[BioC] defining accessors (cols, keys, keytypes, select) for annotation package built with AnnotationForge package

Fri Aug 23 23:30:32 CEST 2013

On 08/20/2013 12:40 AM, Sashi wrote:
> Marc Carlson <mcarlson at ...> writes:
>
>> On 08/14/2013 04:58 AM, Sashi wrote:
>>> Marc Carlson <mcarlson <at> ...> writes:
>>>
>>>> Hi Sashi,
>>>>
>>>> The PDF from Gabor that you are looking at is much older and was from
>>>> before we even had the select method.  These days you probably don't
>>>> want to do that.  Especially if you want to implement a method like
>>>> select().  I strongly suspect that you really just want to be looking
> at
>>>> this vignette instead:
>>>>
>>>>
> http://www.bioconductor.org/packages/release/bioc/vignettes/AnnotationForge/
> inst/doc/MakingNewAnnotationPackages.pdf
>>>> To answer your questions, GO is actually looking at a view that is
>>>> created in the database of the three GO tables (one for BP, MF and CC).

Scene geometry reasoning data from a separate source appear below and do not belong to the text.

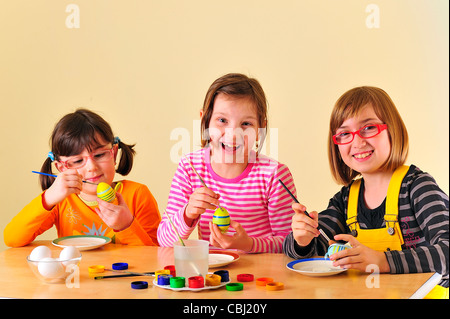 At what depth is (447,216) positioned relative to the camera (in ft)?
4.58

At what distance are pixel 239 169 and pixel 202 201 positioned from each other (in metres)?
0.35

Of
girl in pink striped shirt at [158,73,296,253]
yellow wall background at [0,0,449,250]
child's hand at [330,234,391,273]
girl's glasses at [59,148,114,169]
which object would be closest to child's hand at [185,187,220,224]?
girl in pink striped shirt at [158,73,296,253]

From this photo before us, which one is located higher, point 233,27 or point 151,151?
point 233,27

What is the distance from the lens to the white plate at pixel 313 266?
1.23m

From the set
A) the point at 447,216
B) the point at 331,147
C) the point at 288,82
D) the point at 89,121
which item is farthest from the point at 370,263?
the point at 288,82

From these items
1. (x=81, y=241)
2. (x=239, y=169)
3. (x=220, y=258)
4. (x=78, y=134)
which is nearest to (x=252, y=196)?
(x=239, y=169)

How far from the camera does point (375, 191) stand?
5.36 ft

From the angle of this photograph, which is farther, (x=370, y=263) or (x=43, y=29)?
(x=43, y=29)

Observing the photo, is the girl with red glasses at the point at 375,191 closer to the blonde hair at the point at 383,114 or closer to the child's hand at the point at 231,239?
the blonde hair at the point at 383,114

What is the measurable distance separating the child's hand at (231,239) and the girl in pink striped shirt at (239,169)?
23 centimetres

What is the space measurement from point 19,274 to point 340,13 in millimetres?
2165

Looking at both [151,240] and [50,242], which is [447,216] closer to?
[151,240]

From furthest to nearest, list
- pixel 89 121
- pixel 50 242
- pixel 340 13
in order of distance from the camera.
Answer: pixel 340 13 → pixel 89 121 → pixel 50 242

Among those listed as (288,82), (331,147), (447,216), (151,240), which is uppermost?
(288,82)
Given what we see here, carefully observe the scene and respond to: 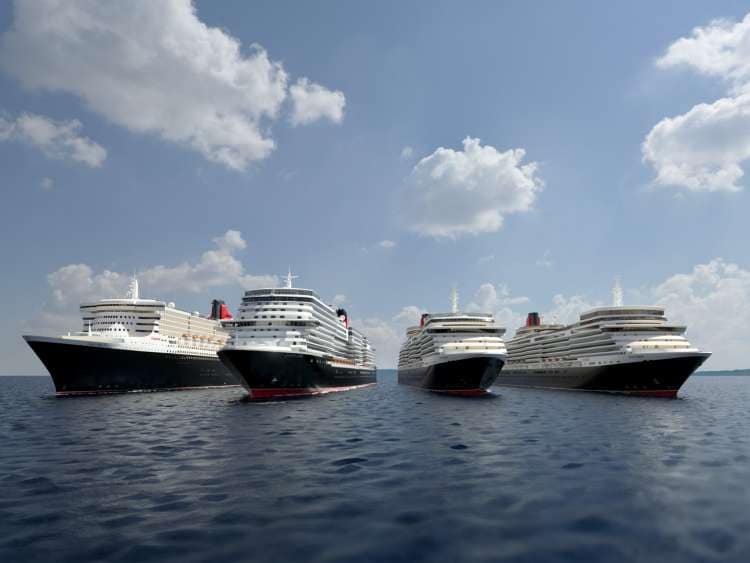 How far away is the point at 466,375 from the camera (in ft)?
181

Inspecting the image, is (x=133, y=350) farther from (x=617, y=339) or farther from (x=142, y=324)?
(x=617, y=339)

>>>> But you probably don't need that level of detail.  If you are using
>>>> org.At.tair.db to look at arabidopsis, then you may already have
>>>> everything you need.  And if you need another organism, you probably
>>>> want to look 1st at making an org package using
>>>> makeOrgPackageFromNCBI().  And if for some reason you want to expose
>>>> some entirely new database resource (IOW you don't want to make an
>>>> organism package but something else entirely), then you might need to
>>>> use the vignette above.
>>>>
>>>> I hope this helps you,
>>>>
>>>>      Marc
>>>>
>>>> On 08/13/2013 04:33 AM, Rameswara Sashi Kiran Challa wrote:
>>>>> Hi ,
>>>>>
>>>>> I am trying to build an annotation organism package by using
> Annotation
>>>>> Forge package. I followed this
>>>>>
> document<http://www.bioconductor.org/packages/2.12/bioc/vignettes/Annotation
> Forge/inst/doc/NewSchema.pdf>written
>>>>> by Gabor Csardi.
>>>>> I was able to build a sqlite database and create an Annotation package
>>>>> using the makeAnnDbPkg() function.
>>>>>
>>>>> I understand cols(), keys(), keytypes() and select() are set as
> generic
>>>>> methods in AnnotationDbi.
>>>>>
>>>>> When I look into methods-AnnotationDb.R script in AnnotationDbi
> package, I
>>>>> see cols() method is set and it actually reads all the columns of all
> the
>>>>> tables in the sqlite table.
>>>>>
>>>>> When I run *cols() *on *org.At.tair.db  *I get few values which are
>>>>> actually not field/column names in the sqlite db. For Eg. there is no
> table
>>>>> called "GO" in org.At.tair.sqlite database. I am unable to understand
> how
>>>>> it creates these values. Could someone please help me understand how
> and
>>>>> where exactly these accessor functions are defined and how and where
> are
>>>>> they to be modified to be able to access the data in the sqlite db
> that I
>>>>> am creating for the organism I am working on.
>>>>>
>>>>> ==========================
>>>>>
>>>>>> cols(org.At.tair.db)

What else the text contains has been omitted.